Lily Ah Sun was that child.
"My God, Mom, he must have loved you so much!" They were sitting in her teal BMW in the circular parking structure.
"We were very much in love. But even so, not many men of his generation would have done that."
"Not many in my generation either."
Sheets Ah Sun had given her so much in life, but lately Lily had been thinking only of the things her younger brother Laird got that she didn't. Like the new MBA from Stanford Business, while Lily got UH undergrad.
But, really, he'd been a good father. It was Sheets who got her into softball, pitching to her and hitting her grounders, helping her become an all-star shortstop for the Ko'olau Bobbysox, and more important teaching her how to compete. And Sheets gave her four years at Punahou.
He also gave her a chance at the Honolulu Soap Co., and later supported her offshoot venture into phyto-cosmetics, Ola Essences. Maybe he did favor his eldest son, but Sheets wasn't the only father who'd ever done that, especially not in a family business. Her youngest brother Lance didn't have a chance there either. The bottom line was that Lily had always felt loved and secure.

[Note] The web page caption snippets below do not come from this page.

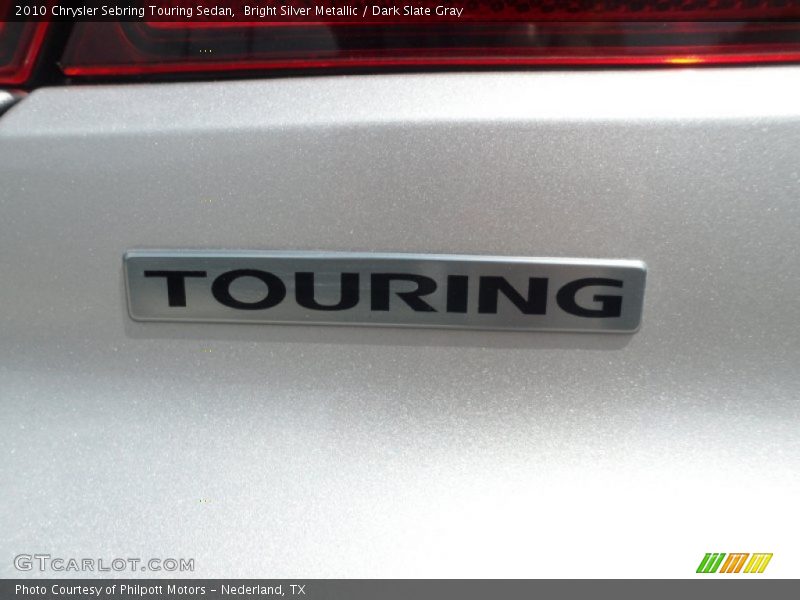 Bright Silver Metallic / Dark Slate Gray 2010 Chrysler Sebring Touring Sedan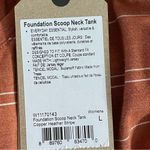 prAna Tank Top Foundation Scoop Neck Pocket Stretch Modal Striped Rust White Photo 9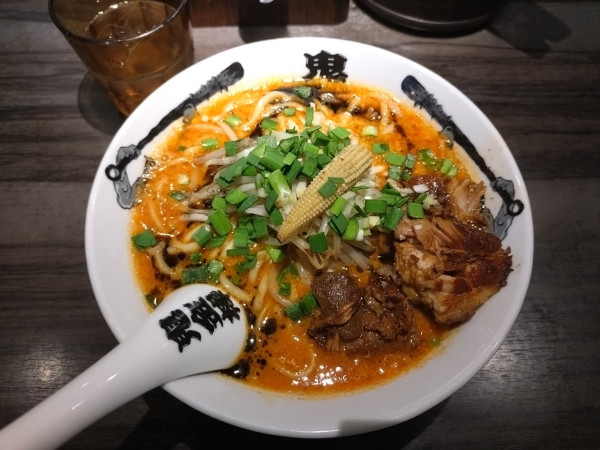 「カラシビ味噌らー麺980円」@カラシビ味噌らー麺 鬼金棒の写真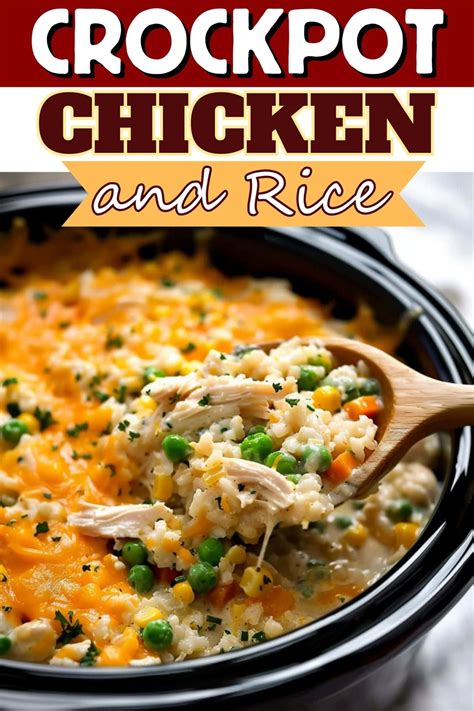 Crockpot Chicken and Rice - Insanely Good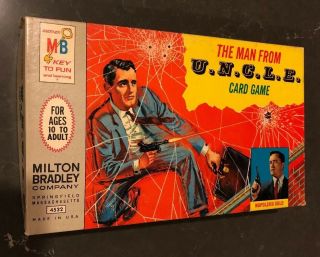 The Man From Uncle Card Game 1965 Milton Bradley Vintage Napoleon Solo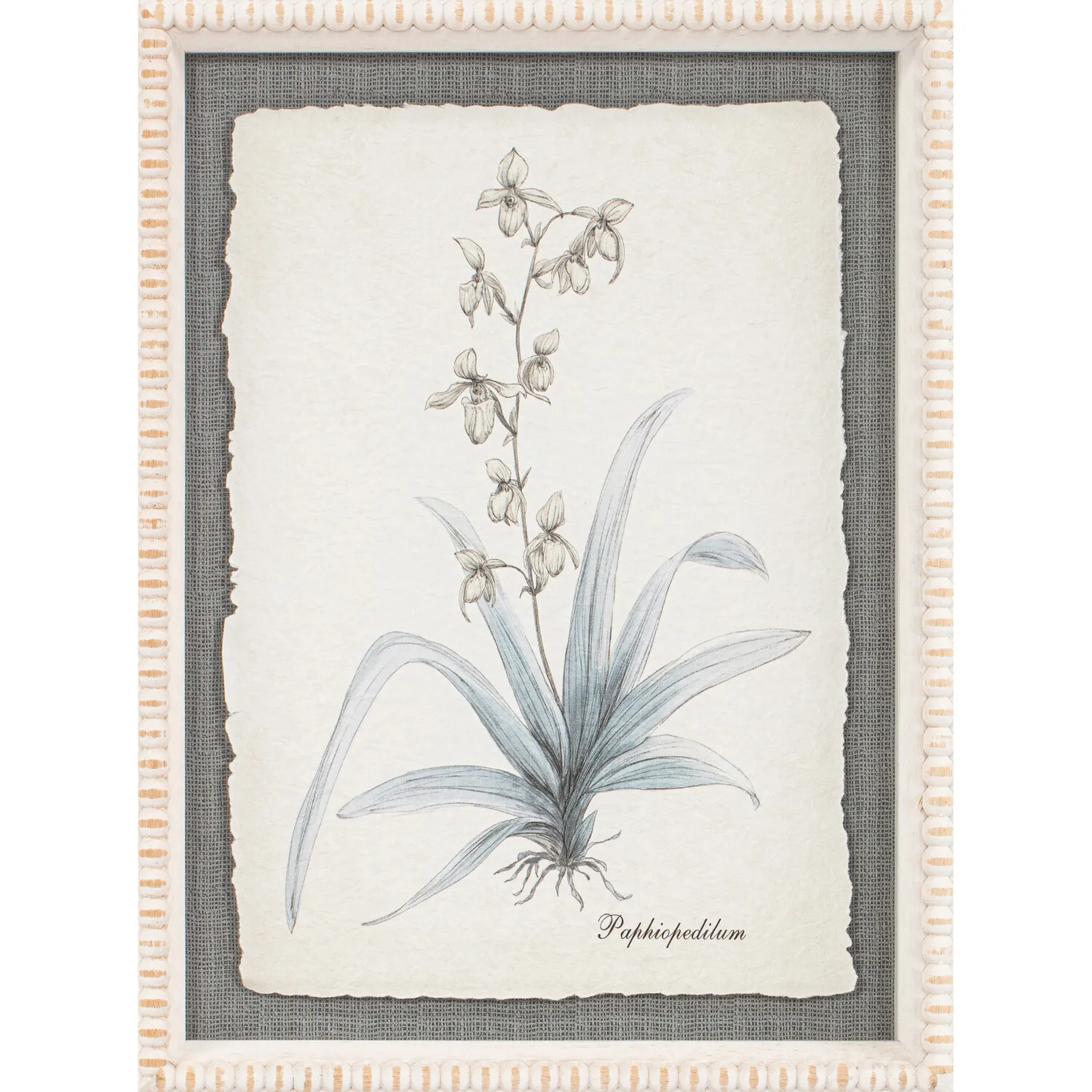 Flower Hand Sketch Effect Framed Art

Maybe it would be OK to keep on calling him Daddy after all.
"Mom, I have to ask you about something else."
Grace nodded, wiping at her streaked makeup. After admitting to your child that she is a product of rape, what question could be so tough?
"So whatever happened to Bobo?" Lily wasn't about to use the term "my father" for the schmuck.
"Did you know about the postcard?"
"The one to Donnelly - after Tony Martinez filed a missing person report - from Bobo saying he was alive and well in Miami?"
Grace had her own suspicions of what her husband had done, but they were just that and she'd never asked. "That's the last we heard."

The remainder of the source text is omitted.